Coriolano

Coriolano (V secolo a.c.)


Gneo Marcio era un generale di origine sabina che meritò il nomen ex virtute di "Coriolano" per aver sconfitto i Volsci nella loro capitale, Coriolo appunto, nel 493 a.c. .

Come ringraziamento gli furono offerti un cavallo da guerra, uno schiavo e molto argento che però rifiutò: Coriolano non voleva essere pagato per aver svolto il proprio dovere, solamente onorato.

Avrebbe perfino potuto diventare console se le sue origini patrizie e la sua boria non lo avessero gravemente contrapposto alla plebe: fu addirittura citato in tribunale per aver ordinato di percuotere dei tribuni. La causa scatenante del conflitto interno fu l'opposizione senza appello di Coriolano alla distribuzione del grano ai più poveri, colpiti da una grave carestia; egli disse che se la plebe avesse voluto la distribuzione avrebbe almeno dovuto rinunciare ai loro tribuni, poichè non potevano avere tutto!

Al processo tentò di impressionare i giudici elencando i propri meriti e strappandosi le vesti per mostrare quante cicatrici avessero inflitto al suo corpo anni di guerra per la patria; tuttavia a grande maggioranza fu deciso l'esilio per l'eroe.

Appena egli lasciò Roma molti eventi strani funestarono la vita della città: voci misteriose e nascite di bambini e animali deformati seminarono la follia nei cittadini.

Intanto Coriolano aveva raggiunto Anzio e si era alleato con i vecchi nemici Volsci, affermando di essere stato tradito dalla patria che tanto aveva servito; allo sfogo dell'eroe "La mia sfortuna sia la vostra fortuna, è il cielo a invocare vendetta", i Volsci accettarono di aiutarlo per poter così riconquistare le terre perdute per spada romana.

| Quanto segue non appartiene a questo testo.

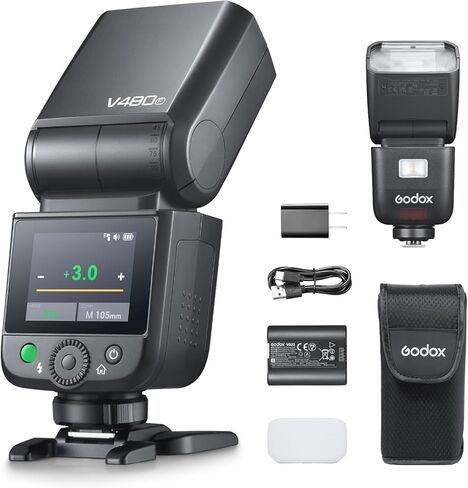 Godox V480 TTL Camera Flash Speedlite (V480F for Fuji) in Saudi Arabia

Era però necessario prima di fare guerra cercare un pretesto per raggirare la tregua stipulata con Roma, così Coriolano inviò autorevoli cittadini volsci a Roma per partecipare pacificamente alle feste in corso; ad uno di questi fu però ordinato di ingannare i consoli rivelando che un attacco era in preparazione contro l'Urbe e che i Volsci giunti per le festività altri non erano che complici col compito di sostenere dall'interno l'assalto.

La cacciata dei Volsci sospetti fornì così il casus belli a Coriolano, che cinse presto d'assedio la propria patria. I Romani erano indecisi sul da farsi: alcuni pensavano di minacciare il traditore con l'uccisione, per ritorsione, della madre e dei figli; altri erano invece propensi a richiamarlo dall'esilio e riabilitarlo a cittadino romano.

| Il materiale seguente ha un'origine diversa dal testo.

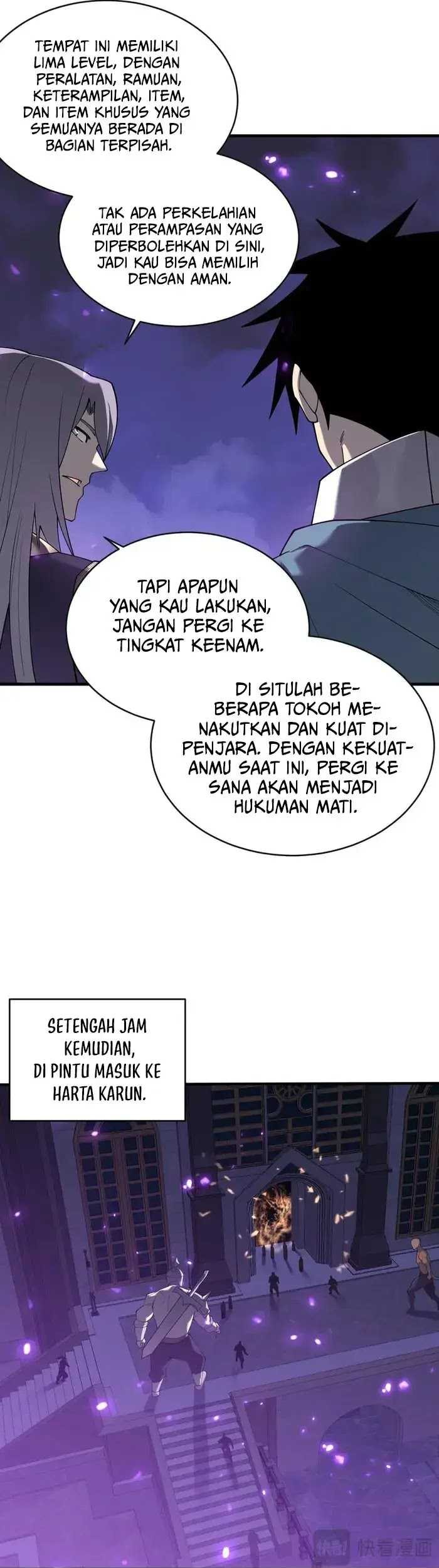 I Became The Game’s Biggest Villain Chapter 51 - halaman 26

Tutto fu inutile: Coriolano si mostrava irremovibile e si diffuse l'idea che fosse inarrestabile. Così una schiera di matrone capeggiate dalla madre del generale uscì dalle mura a supplicarlo.

Come tentò di abbracciare la madre per renderle omaggio quella lo fermò, ammonendolo che si sarebbe uccisa se non avesse posto fine all'attacco; scoppiato in lacrime Coriolano cedette ed abbracciò la madre, affermando però: "Madre, hai vinto. Hai salvato la patria. Ma hai perso tuo figlio".

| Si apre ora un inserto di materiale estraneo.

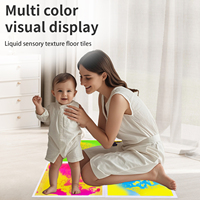 Tuiles sensorielles personnalisées en gros Jouets d'entraînement tactiles éducatifs pour enfants en ABS pour la maison Gel d'eau souple Fidget Soulagement du stress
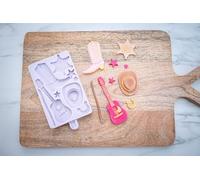 Karen Davies Sugarcraft Country Western Silicone Mould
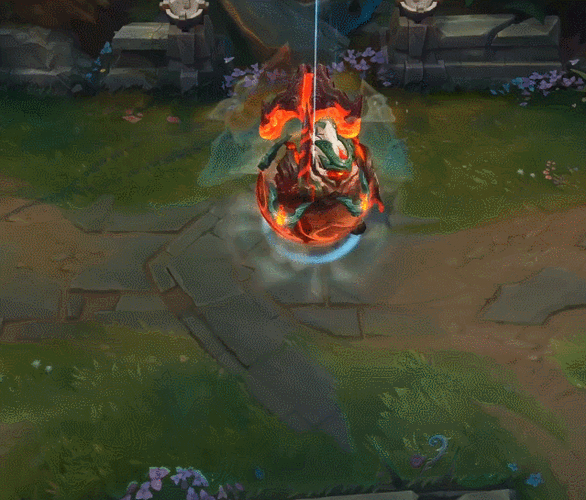 山海绘卷新皮肤 科加斯,烬,妮蔻和泰坦,你最喜欢哪款?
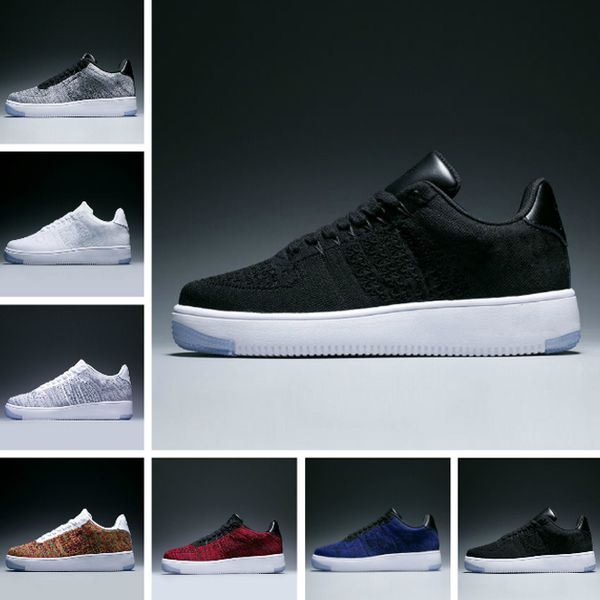 

3.0 fly mens running shoes knit men women bhm red orbit metallic gold trainers triple black white blue fashion sneakers 36-45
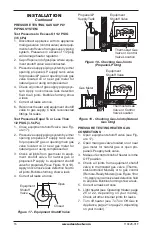 Предварительный просмотр 16 страницы Desa VUL18NR Owner'S Operation And Installation Manual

Infatti dopo essere stato accusato di tradimento dai Volsci fu lapidato senza processo dalla folla.

Privi del grande generale il nemico fu sbaragliato dall'esercito romano e l'Urbe ancora una volta era salva, questa volta solo grazie alle suppliche delle sue matrone.


Nella leggenda si vuole mettere in risalto come un Romano rimanga tale nell'anima in ogni circostanza, nonostante follie momentanee o addirittura tradimenti. La romanità è dunque una caratteristica che, una volta acquisita, non è più possibile perdere.

In questo caso il senso della famiglia e la pietas, alto valore presso i Romani, ha costretto Coriolano a rinsavire.

Indubbiamente la madre è un'altra grande protagonista, disposta a sacrificare se stessa e suo figlio per la salvezza della patria.